--- Problem statement ---
Below, some lines carry pictures; leave those pictures out and retype exactly the lines from the one with "MadBlack Summer Korean" through the one with "Nach Protesten: FIFA".

--- The data ---

=-=-=

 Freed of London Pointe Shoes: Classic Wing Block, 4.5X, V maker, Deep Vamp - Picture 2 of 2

=-=-=

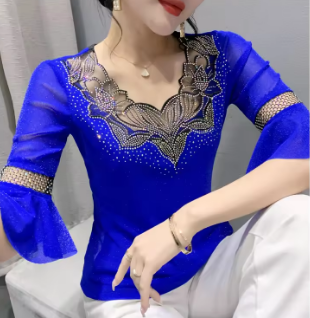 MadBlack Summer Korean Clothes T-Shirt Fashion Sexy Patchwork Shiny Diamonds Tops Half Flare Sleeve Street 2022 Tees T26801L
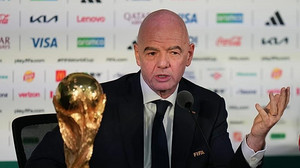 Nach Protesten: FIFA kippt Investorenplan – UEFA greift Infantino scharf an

=-=-=

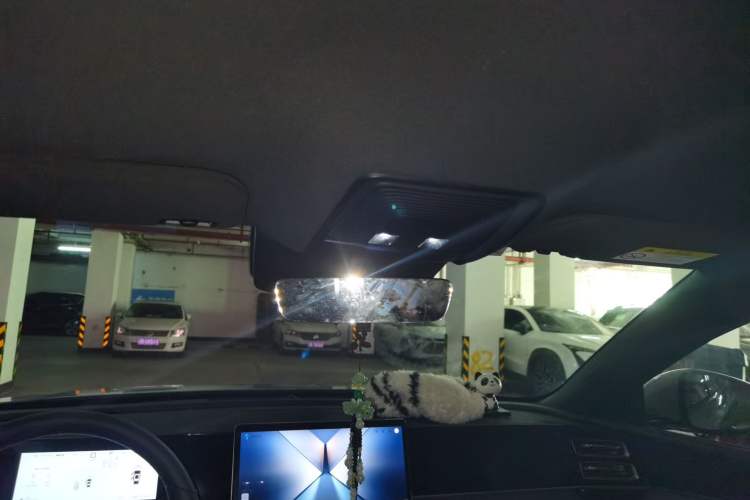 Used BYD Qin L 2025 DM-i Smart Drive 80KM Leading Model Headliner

=-=-=

--- Exercise answer ---
 MadBlack Summer Korean Clothes T-Shirt Fashion Sexy Patchwork Shiny Diamonds Tops Half Flare Sleeve Street 2022 Tees T26801L
 Nach Protesten: FIFA kippt Investorenplan – UEFA greift Infantino scharf an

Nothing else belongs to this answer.